Beyond Sight: AI Agents Fill in the Gaps with Semantic Reasoning

Author: Denis Avetisyan


A new framework combines the power of large language models and collaborative agents to achieve more human-like amodal completion, enabling AI to ‘understand’ obscured objects.

The proposed framework achieves high-fidelity scene completion through a closed-loop reasoning process, beginning with holistic collaborative parsing of spatial geometry, followed by iterative verification to correct segmentation inaccuracies and address occlusions, and culminating in the generation of diverse, plausible semantic hypotheses before a single-pass synthesis of the completed scene-a process fundamentally grounded in the decoupling of semantic planning and visual synthesis.
The proposed framework achieves high-fidelity scene completion through a closed-loop reasoning process, beginning with holistic collaborative parsing of spatial geometry, followed by iterative verification to correct segmentation inaccuracies and address occlusions, and culminating in the generation of diverse, plausible semantic hypotheses before a single-pass synthesis of the completed scene-a process fundamentally grounded in the decoupling of semantic planning and visual synthesis.

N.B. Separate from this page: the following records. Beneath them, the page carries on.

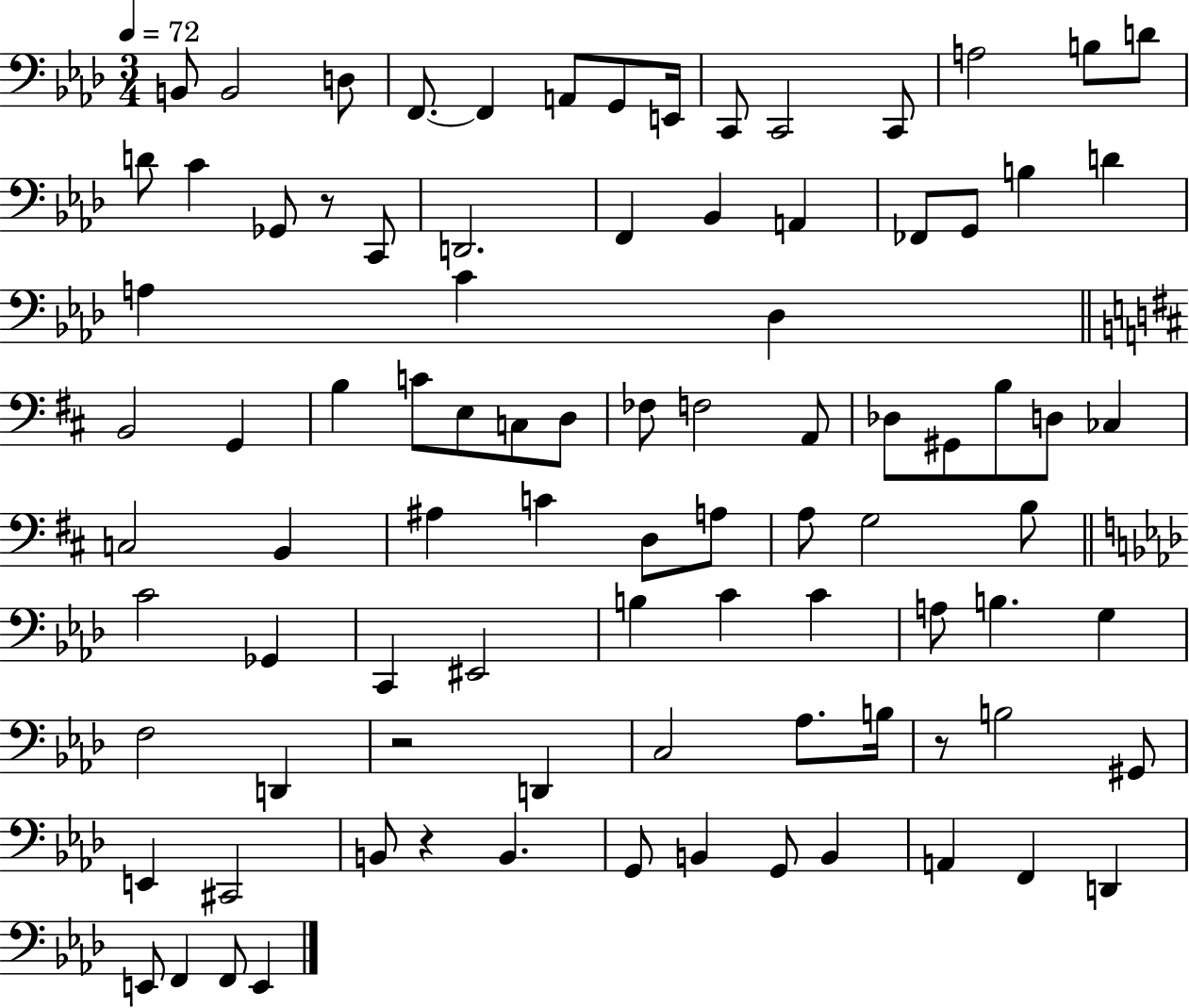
{
  \clef bass
  \numericTimeSignature
  \time 3/4
  \key aes \major
  \tempo 4 = 72
  b,8 b,2 d8 | f,8.~~ f,4 a,8 g,8 e,16 | c,8 c,2 c,8 | a2 b8 d'8 | \break d'8 c'4 ges,8 r8 c,8 | d,2. | f,4 bes,4 a,4 | fes,8 g,8 b4 d'4 | \break a4 c'4 des4 | \bar "||" \break \key b \minor b,2 g,4 | b4 c'8 e8 c8 d8 | fes8 f2 a,8 | des8 gis,8 b8 d8 ces4 | \break c2 b,4 | ais4 c'4 d8 a8 | a8 g2 b8 | \bar "||" \break \key aes \major c'2 ges,4 | c,4 eis,2 | b4 c'4 c'4 | a8 b4. g4 | \break f2 d,4 | r2 d,4 | c2 aes8. b16 | r8 b2 gis,8 | \break e,4 cis,2 | b,8 r4 b,4. | g,8 b,4 g,8 b,4 | a,4 f,4 d,4 | \break e,8 f,4 f,8 e,4 | \bar "|."
}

This review details a multi-agent system leveraging chain-of-thought reasoning and a novel metric (MAC-Score) for robust and semantically consistent amodal completion.

Inferring unseen object parts remains a challenge for generative models, often hindered by inconsistencies and error accumulation. This is addressed in ‘Reasoning-Driven Amodal Completion: Collaborative Agents and Perceptual Evaluation’ which introduces a novel framework employing collaborative multi-agent reasoning, explicitly decoupling semantic planning from visual synthesis. By leveraging large language models and a self-correcting verification agent, the approach generates more coherent and plausible completions, assessed using a new human-aligned metric, the MAC-Score. Could this framework pave the way for generative models that truly “understand” incomplete scenes, mirroring human perceptual abilities?


The Challenge of Incomplete Perception: A Fundamental Discrepancy

The human visual system demonstrates a remarkable ability to perceive objects as whole, even when partially hidden by other objects – a phenomenon known as amodal completion. Unlike current computer vision systems, which typically process only visible pixels, humans intuitively “fill in” the missing parts, constructing a complete representation of the scene. This effortless perception isn’t simply guesswork; it’s a sophisticated process rooted in prior knowledge, contextual understanding, and an inherent grasp of object structure. While algorithms can detect edges and shapes, replicating this holistic understanding remains a significant challenge, as most systems struggle to infer the presence and form of occluded features with the same speed and accuracy as a person. This discrepancy highlights a fundamental gap between how machines “see” and how humans perceive the world, underscoring the complexity of visual cognition.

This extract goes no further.